As experiências de secagem utilizaram gengibre fatiado (ca. 3 mm de espessura) até ca. 10% de umidade. Foram submetidas aos experimentos de secagem a nível de laboratório 11 amostras da safra de 1987, sendo cinco originárias da Serra, duas do Litoral, uma do Vale do Ribeira e três de Morretes. Nove eram rizomas de um ano de idade e duas do tipo refugo. Foram feitos três experimentos de secagem ao sol e 13 em estufa com aeração, sendo sete a 50°C e seis a 35°C. A secagem ao sol foi realizada colocando-se o gengibre sobre bandejas de tela de arame em posição inclinada com uma distância máxima de 52 cm e mínima de 8 cm do solo, utilizando-se como fundo lona branca.

Os experimentos de secagem a nível de planta piloto foram realizados com amostras cedidas pela Cooperativa Agrícola de Cotia das safras de 1987 e 1988 em estufa com aeração.

As quantidades de amostra utilizadas em cada experimento de secagem ficaram em torno de 5 kg a nível de laboratório e de 150 kg a nível de planta piloto.

2.4 - Extração de óleo essencial por arraste a vapor e coobação (escala de laboratório)

2.4.1 - A partir de rizomas frescos

Os rizomas frescos foram triturados em Multiprocessador doméstico Walita e submetidos à extração por arraste a vapor e coobação das águas condensadas em aparelho de Clevenger demandando de 15 a 20 horas. A quantidade de amostra utilizada foi em média de 4 kg.

2.4.2 - A partir de rizomas secos

Os rizomas fatiados e secos foram moídos em moinho de facas com peneira de 6 mm e submetidos, em seguida, à extração por arraste de vapor e coobação das águas condensadas em aparelho de Clevenger durante 15 a 20 horas. A quantidade de amostra utilizada foi em média de 1 kg de rizomas secos.

2.5 - Extração de óleo essencial por arraste a vapor em sistema de planta piloto

Os rizomas fatiados e secos foram moídos em moinho de facas (peneira de 6 mm) e submetidos, em seguida, a arraste a vapor em extrator com dorna de 60 l de capacidade durante 14 horas. A quantidade de amostra utilizada foi em média de 6 kg de rizomas secos.

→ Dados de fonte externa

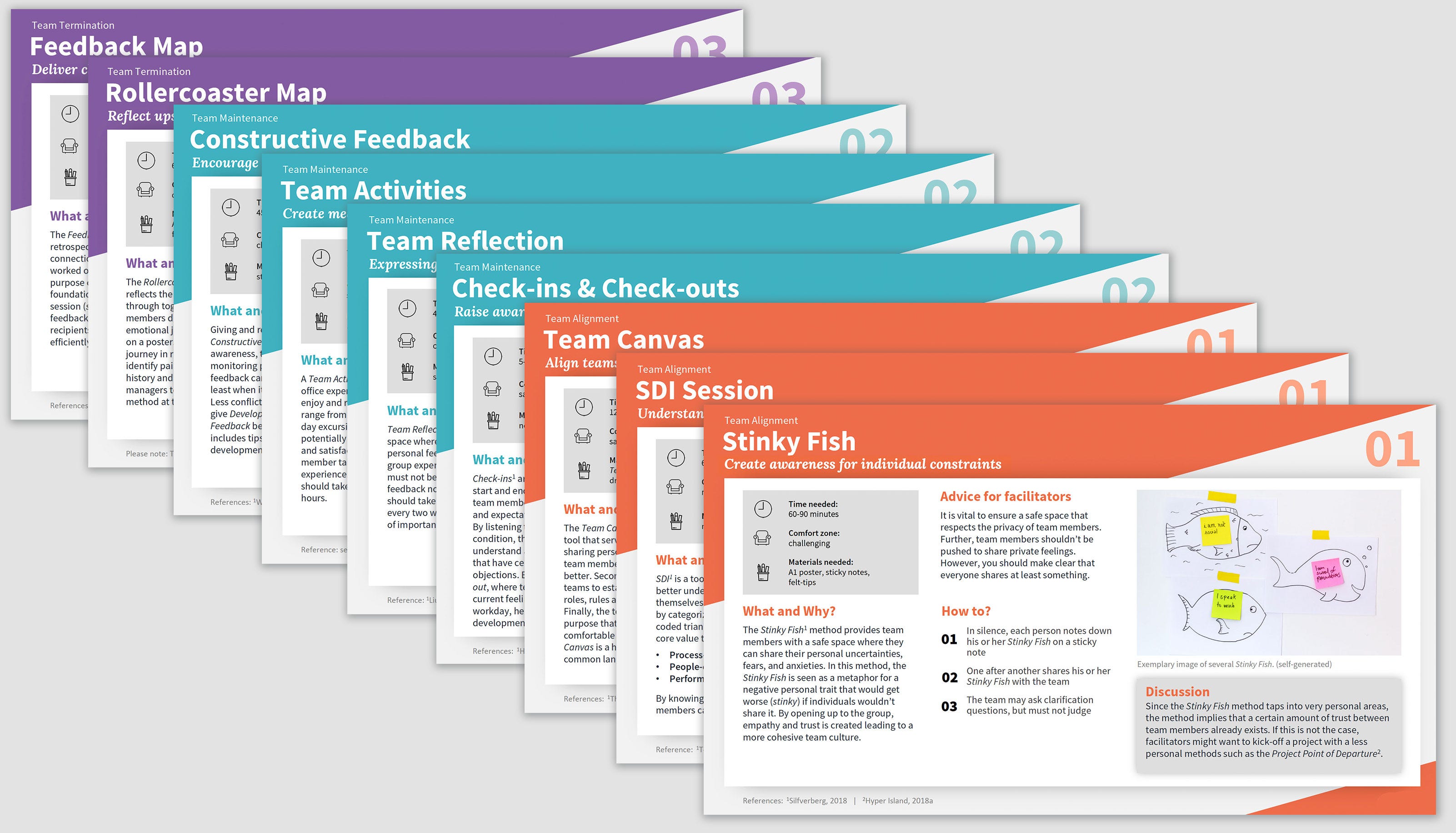 The Team Culture Toolbox Nono Weinzierl Medium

2.6 - Verificação da qualidade do óleo essencial em função do tempo de extração

Utilizou-se amostra única (ca. 14 kg) de gengibre fresco gigante de um ano fracionada em 12 partes que foram submetidas à extração por arraste a vapor d'água com coobação (Laboratório). De cada uma das 12 extrações foram retiradas alíquotas às 6, 10, 15 e 20 horas, considerando-se o total recolhido como 100% de extração. As percentagens correspondentes a cada alíquota foram obtidas pelo cálculo da média de todas as 12 extrações.

2.7 - Determinação de índices físico-químicos do óleo essencial

A densidade foi determinada em densímetro A. Paar segundo o método ASTM D 4052-91. O índice de refração foi determinado em refratômetro Abbe da Shimadzu com banho de circulação segundo o método NBR-5785-85 (ABNT). A rotação ótica foi determinada em polarímetro Carl Zeiss segundo o método NBR-5783-87 (ABNT).

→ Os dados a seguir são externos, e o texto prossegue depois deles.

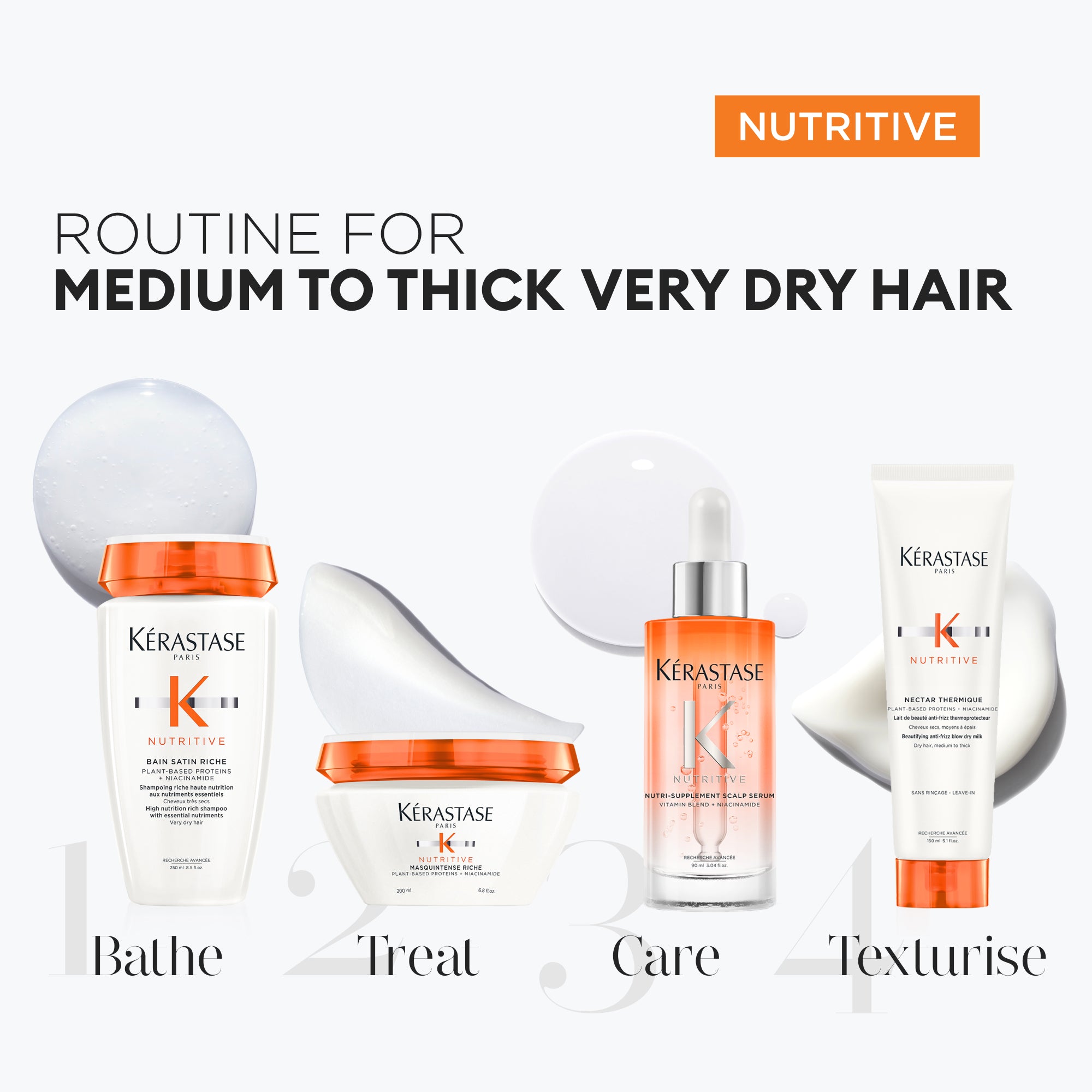 Netcar Thermique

2.8 - Identificação e quantificação dos componentes do óleo essencial

A identificação e quantificação dos componentes principais dos óleos essenciais de gengibre foi realizada por cromatografia gasosa, através do método de Normalização de Área, empregando-se coluna de aço inoxidável de 3 m de comprimento e 1/8" de diâmetro interno empacotada com 5% de SE-30 sobre Chromosorb W-AWDMCS 80-100 mesh em aparelho Varian modelo 3700 com detetor de ionização de chama, equipado com integrador CDS-111.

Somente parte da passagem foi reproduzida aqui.